Huarong chemical: articles of Association (Draft)

Huarong Chemical Co., Ltd

constitution

(Draft)

(applicable after listing)

November 2020

Catalogue of articles of Association

Chapter I General Provisions Chapter II business purpose and scope Chapter III shares

Section 1 share issuance

Section II increase, decrease and repurchase of shares

Section 3 share transfer

Chapter IV shareholders and general meeting of shareholders

Section 1 shareholders

Section II general provisions of the general meeting of shareholders

Section III convening of the general meeting of shareholders

Section IV proposal and notice of shareholders’ meeting

Section V convening of the general meeting of shareholders

Section VI voting and resolutions of the general meeting of shareholders

Chapter V board of directors

Section 1 directors

Section II board of directors

Chapter VI general manager and other senior managers Chapter VII board of supervisors

Section I supervisors

Section II board of supervisors

Chapter VIII Financial Accounting system, profit distribution and audit

Section I financial accounting system

Section II Internal Audit

Section III appointment of accounting firms

Chapter IX notice and announcement

Section I notice

Section 2 Announcement

Chapter X merger, division, capital increase, capital reduction, dissolution and liquidation

Section 1 merger, division, capital increase and capital reduction

Section 2 dissolution and liquidation

Chapter XI amendment of the articles of association Chapter XII supplementary provisions

Chapter I General Provisions

Article 1 in order to safeguard the legitimate rights and interests of Huarong Chemical Co., Ltd. (hereinafter referred to as the “company”), shareholders and creditors and standardize the organization and behavior of the company, in accordance with the company law of the people’s Republic of China (hereinafter referred to as the “company law”), the securities law of the people’s Republic of China (hereinafter referred to as the “Securities Law”) and other relevant provisions, Formulate the articles of association.

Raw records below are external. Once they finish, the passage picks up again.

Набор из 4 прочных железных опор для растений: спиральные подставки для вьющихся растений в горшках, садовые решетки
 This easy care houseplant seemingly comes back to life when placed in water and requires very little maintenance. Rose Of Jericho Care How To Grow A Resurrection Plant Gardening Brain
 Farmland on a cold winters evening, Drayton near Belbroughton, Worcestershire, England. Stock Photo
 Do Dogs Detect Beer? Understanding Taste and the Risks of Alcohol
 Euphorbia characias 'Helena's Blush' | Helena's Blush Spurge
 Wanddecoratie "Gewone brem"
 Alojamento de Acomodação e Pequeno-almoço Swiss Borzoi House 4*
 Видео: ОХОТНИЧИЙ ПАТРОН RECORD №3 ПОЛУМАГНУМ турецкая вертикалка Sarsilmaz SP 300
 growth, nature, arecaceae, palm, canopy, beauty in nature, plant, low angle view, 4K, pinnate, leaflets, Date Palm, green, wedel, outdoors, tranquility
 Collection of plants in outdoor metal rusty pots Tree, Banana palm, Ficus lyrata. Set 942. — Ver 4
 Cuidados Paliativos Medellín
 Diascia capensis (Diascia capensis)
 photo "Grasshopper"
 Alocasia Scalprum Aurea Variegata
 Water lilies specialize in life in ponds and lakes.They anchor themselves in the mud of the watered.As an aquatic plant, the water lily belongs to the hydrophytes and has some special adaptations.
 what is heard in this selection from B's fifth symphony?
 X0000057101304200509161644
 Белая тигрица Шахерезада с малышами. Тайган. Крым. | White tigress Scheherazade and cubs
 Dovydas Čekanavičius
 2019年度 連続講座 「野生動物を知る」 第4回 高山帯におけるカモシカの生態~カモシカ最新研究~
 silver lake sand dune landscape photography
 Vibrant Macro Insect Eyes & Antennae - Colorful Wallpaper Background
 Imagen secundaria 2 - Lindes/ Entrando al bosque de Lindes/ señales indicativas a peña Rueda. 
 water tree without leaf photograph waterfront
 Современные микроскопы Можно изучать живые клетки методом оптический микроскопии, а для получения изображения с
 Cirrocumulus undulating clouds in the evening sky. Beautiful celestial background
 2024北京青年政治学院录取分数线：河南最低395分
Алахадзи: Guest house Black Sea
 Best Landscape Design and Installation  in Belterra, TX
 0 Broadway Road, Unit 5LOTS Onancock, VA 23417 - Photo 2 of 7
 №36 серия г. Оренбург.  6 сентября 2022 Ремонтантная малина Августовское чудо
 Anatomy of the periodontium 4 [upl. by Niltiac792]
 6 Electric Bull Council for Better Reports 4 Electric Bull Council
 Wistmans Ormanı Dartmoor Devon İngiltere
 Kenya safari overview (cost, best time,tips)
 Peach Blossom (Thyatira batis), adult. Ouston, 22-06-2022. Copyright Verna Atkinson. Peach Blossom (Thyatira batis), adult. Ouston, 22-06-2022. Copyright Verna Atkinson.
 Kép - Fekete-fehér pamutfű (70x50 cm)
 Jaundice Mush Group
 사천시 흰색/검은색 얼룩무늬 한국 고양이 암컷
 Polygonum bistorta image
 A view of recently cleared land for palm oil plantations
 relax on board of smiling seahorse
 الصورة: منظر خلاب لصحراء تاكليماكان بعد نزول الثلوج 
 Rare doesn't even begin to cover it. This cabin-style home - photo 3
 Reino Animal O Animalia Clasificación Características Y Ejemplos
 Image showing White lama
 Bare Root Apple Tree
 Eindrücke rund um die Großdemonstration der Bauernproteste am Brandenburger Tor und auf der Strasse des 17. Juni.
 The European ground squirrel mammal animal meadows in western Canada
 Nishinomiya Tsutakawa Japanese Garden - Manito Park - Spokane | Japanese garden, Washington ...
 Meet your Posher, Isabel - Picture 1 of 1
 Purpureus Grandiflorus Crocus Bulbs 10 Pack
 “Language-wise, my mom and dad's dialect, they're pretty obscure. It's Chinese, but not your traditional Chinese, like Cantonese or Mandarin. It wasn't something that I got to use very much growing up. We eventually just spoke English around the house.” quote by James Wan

Article 2 the company is a joint stock limited company established in accordance with the company law and other relevant provisions.

Article 3 the company is wholly changed and established by Chengdu Huarong Chemical Co., Ltd., registered with Chengdu Municipal Bureau of market supervision and obtained the business license, and the unified social credit code is 91510182723425301f. Article 4 the company was approved by the Shenzhen Stock Exchange on mm / DD / yyyy and registered with the China Securities Regulatory Commission (hereinafter referred to as the “CSRC”) on mm / DD / yyyy. It issued [] 10000 ordinary shares in RMB to the public for the first time and was listed on the gem of the Shenzhen Stock Exchange on mm / DD / yyyy.

Article 5 the registered name of the company is Huarong Chemical Co., Ltd., and the English name of the company is huarongchemical Co., Ltd.

Article 6 company domicile: No. 166, Linyang Road, Jiuchi Town, Pengzhou City, Chengdu City, Sichuan Province, postal code: 611933.

Article 7 the registered capital of the company is RMB 360 million.

Article 8 the company is a permanent joint stock limited company.

Article 9 the general manager is the legal representative of the company.

Article 10 Party organizations shall be established in the company to carry out party activities in accordance with the company law and the guidelines for the governance of listed companies. The company provides necessary conditions for the activities of the party organization.

Article 11 all the assets of the company are divided into equal shares. The shareholders shall be liable to the company to the extent of the shares they subscribe for, and the company shall be liable for the debts of the company to the extent of all its assets.

Article 12 from the effective date, the articles of association of the company shall become a legally binding document regulating the organization and behavior of the company, the rights and obligations between the company and shareholders, and between shareholders and shareholders, and a legally binding document for the company, shareholders, directors, supervisors and senior managers. According to the articles of association, shareholders can sue shareholders, shareholders can sue directors, supervisors, general manager and other senior managers of the company, shareholders can sue the company, and the company can sue shareholders, directors, supervisors, general manager and other senior managers.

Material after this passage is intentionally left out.